Why are Liquor Stores Great Opportunities?
• Pandemic-proof: Liquor stores attract customers, even when the bars and restaurants are closed. In fact, they see more diverse foot traffic when other options for drinking out “dry up”. In addition, most state and local laws forbid the consumption of liquor in the stores, which further protects the employees and the public. One of the first loans post-COVID-19 that we closed was a liquor store in Georgia. A successful liquor store should continue to be profitable, even if and when the virus escalates in the future.
• Adaptable: Liquor stores have built in systems for security that can be used to restrict touching of merchandise. A skilled manager can capitalize on liquor store offerings. Perhaps the store can expand into packaged treats, gift baskets or other items that are not easily available.
• No Price Wars: Many local and state governments regulate liquor stores, forbidding discounts. This preserves minimum price structures. As a result, a successful liquor store thrives because of its inventory and its service, not by trying to beat their competitors’ prices.
What should you do to get funding for your liquor store?
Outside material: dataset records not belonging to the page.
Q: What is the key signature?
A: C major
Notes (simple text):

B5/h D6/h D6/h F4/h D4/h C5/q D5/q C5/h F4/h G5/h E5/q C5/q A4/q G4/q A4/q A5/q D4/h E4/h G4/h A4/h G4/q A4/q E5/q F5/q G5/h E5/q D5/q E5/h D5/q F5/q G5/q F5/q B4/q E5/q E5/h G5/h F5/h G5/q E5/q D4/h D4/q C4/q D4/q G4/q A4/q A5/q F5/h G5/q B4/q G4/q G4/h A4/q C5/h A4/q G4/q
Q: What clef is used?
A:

• Buying a store? If you are considering purchasing a store, get to know the business well. How healthy is it? How have the revenue and expenses fluctuated before and during the pandemic? Did the managers make any operational changes or did they not? Consider whether you would be able to match or exceed the management skill of the current owners.
• If you currently own a liquor store: Determine if now is a good time to refinance debt. Interest rates are historically low and many lenders are willing to fund liquor store loans. You should also consider if this is a time to renovate or expand your liquor store, increasing your ability to sell more diverse products that are in higher demand. You may also utilize money to retrofit your store set up to separate employees and customers and to create greater opportunities to conduct business “touchlessly”.
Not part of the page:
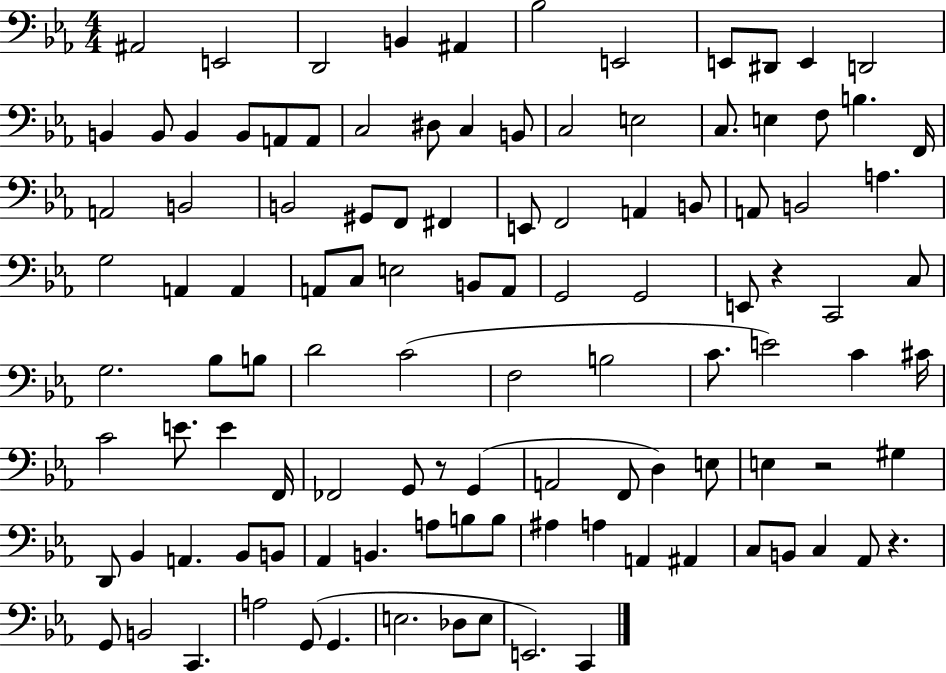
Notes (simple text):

• Prove your Management Experience: Banks are more comfortable lending to proven managers. A management resume detailing experience and accomplishments is a common forum to highlight your ability to manage. It’s also critical to demonstrate your flexibility. Can you quickly pivot under changing social and economic conditions? Lenders like reviewing case studies and business plans, which help demonstrate that you have put time and thought into all possibilities.
• Keep an Eye on your Credit Worthiness: A borrower who actively monitors their credit will naturally be a more qualified borrower. Be sure that you remain credit healthy by keeping your debts manageable and staying on top of bills. Many borrowers forget that revolving credit, as well as medical debts, affect creditworthiness.